Other chronic illnesses such as cardiovascular disease, cancer, and HIV, have been improved through the use of combination therapies, he noted. Yet in the case of Alzheimer’s and other memory disorders, comprehensive combination therapies have not been explored. Yet over the past few decades, genetic and biochemical research has revealed an extensive network of molecular interactions involved in AD pathogenesis. “That suggested that a broader-based therapeutics approach, rather than a single drug that aims at a single target, may be feasible and potentially more effective for the treatment of cognitive decline due to Alzheimer’s,” said Bredesen.

While extensive preclinical studies from numerous laboratories have identified single pathogenetic targets for potential intervention, in human studies, such single target therapeutic approaches have not borne out.

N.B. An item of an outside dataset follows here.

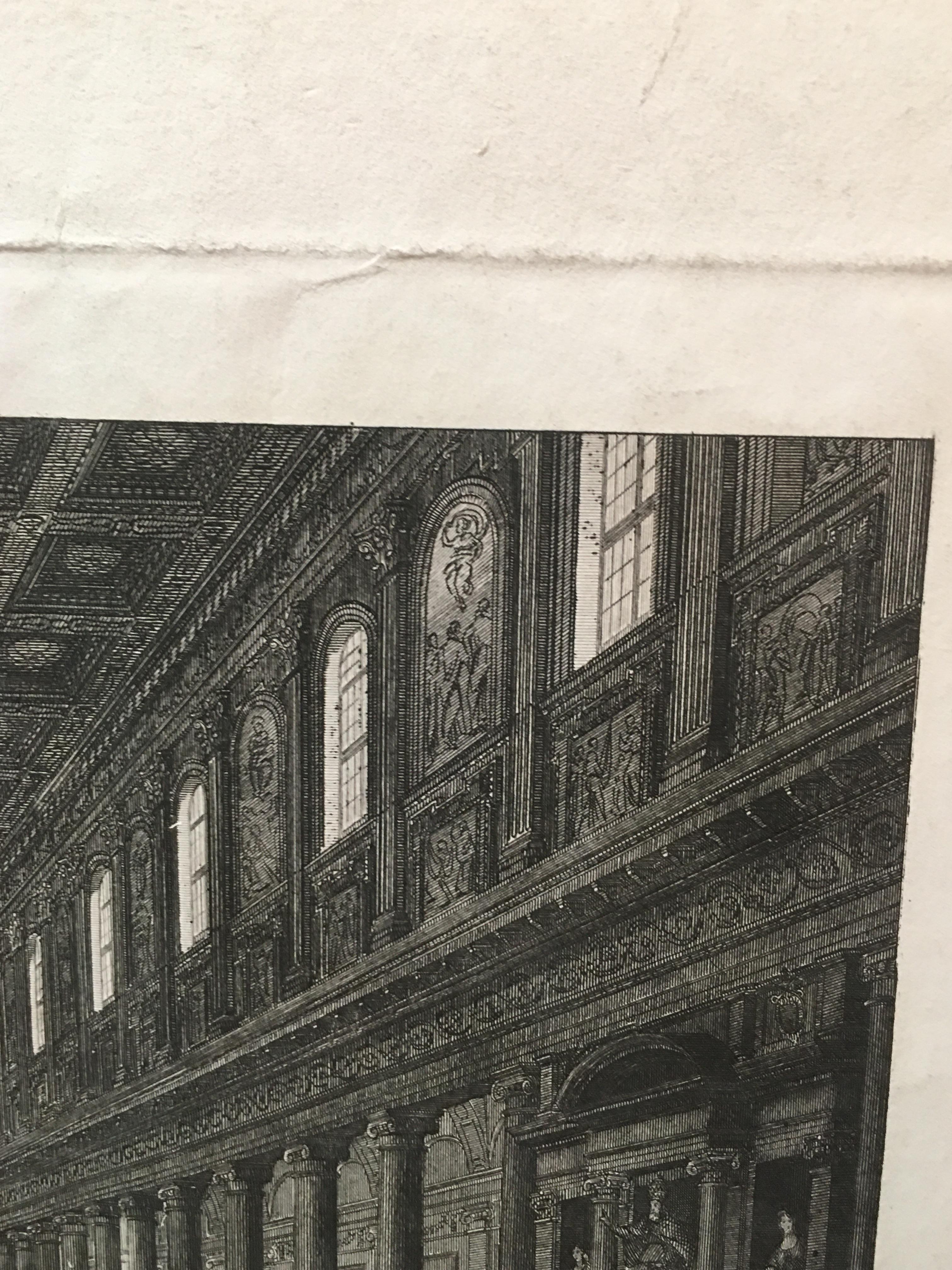 Paper Period Engraving Interior View of Santa Maria Maggiore in Rome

But, said Bredesen, it’s possible addressing multiple targets within the network underlying AD may be successful even when each target is affected in a relatively modest way. “In other words,” he said, “the effects of the various targets may be additive, or even synergistic.”

The uniform failure of drug trials in Alzheimer’s influenced Bredesen’s research to get a better understanding of the fundamental nature of the disease. His laboratory has found evidence that Alzheimer’s disease stems from an imbalance in nerve cell signaling: in the normal brain, specific signals foster nerve connections and memory making, while balancing signals support memory loss, allowing irrelevant information to be forgotten. But in Alzheimer’s disease, the balance of these opposing signals is disturbed, nerve connections are suppressed, and memories are lost.

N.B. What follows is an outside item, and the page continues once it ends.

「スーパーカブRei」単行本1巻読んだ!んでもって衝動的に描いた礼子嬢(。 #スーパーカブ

The model of multiple targets and an imbalance in signaling runs contrary to the popular dogma that Alzheimer’s is a disease of toxicity, caused by the accumulation of sticky plaques in the brain. Bredesen believes the amyloid beta peptide, the source of the plaques, has a normal function in the brain – as part of a larger set of molecules that promotes signals that cause nerve connections to lapse. Thus the increase in the peptide that occurs in Alzheimer’s disease shifts the memory-making vs. memory-breaking balance in favor of memory loss.

Given all this, Bredesen thought that rather than a single targeted agent, the solution might be a systems type approach, the kind that is in line with the approach taken with other chronic illnesses—a multiple-component system.

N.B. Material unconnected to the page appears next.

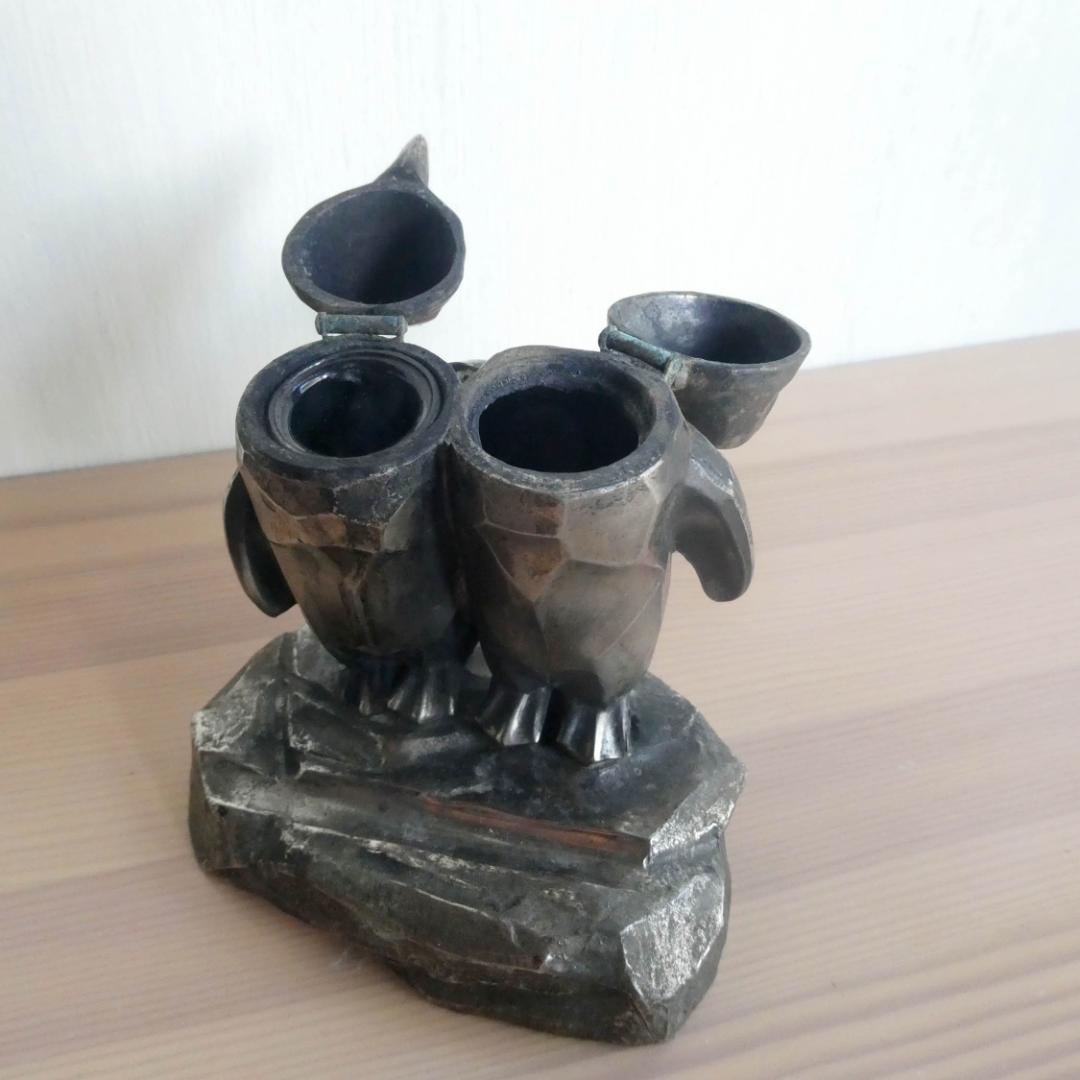 インク壺　ビンテージ／骨董品　金属製（ピューター？）　日本製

“The existing Alzheimer’s drugs affect a single target, but Alzheimer’s disease is more complex. Imagine having a roof with 36 holes in it, and your drug patched one hole very well—the drug may have worked, a single “hole” may have been fixed, but you still have 35 other leaks, and so the underlying process may not be affected much.”

Bredesen’s approach is personalized to the patient, based on extensive testing to determine what is affecting the plasticity signaling network of the brain. As one example, in the case of the patient with the demanding job who was forgetting her way home, her therapeutic program consisted of some, but not all of the components involved with Bredesen’s therapeutic program, and included:

(1) eliminating all simple carbohydrates, leading to a weight loss of 20 pounds; (2) eliminating gluten and processed food from her diet, with increased vegetables, fruits, and non-farmed fish; (3) to reduce stress, she began yoga; (4) as a second measure to reduce the stress of her job, she began to meditate for 20 minutes twice per day; (5) she took melatonin each night; (6) she increased her sleep from 4-5 hours per night to 7-8 hours per night; (7) she took methylcobalamin each day; (8) she took vitamin D3 each day; (9) fish oil each day; (10) CoQ10 each day; (11) she optimized her oral hygiene using an electric flosser and electric toothbrush; (12) following discussion with her primary care provider, she reinstated hormone replacement therapy that had been discontinued; (13) she fasted for a minimum of 12 hours between dinner and breakfast, and for a minimum of three hours between dinner and bedtime; (14) she exercised for a minimum of 30 minutes, 4-6 days per week.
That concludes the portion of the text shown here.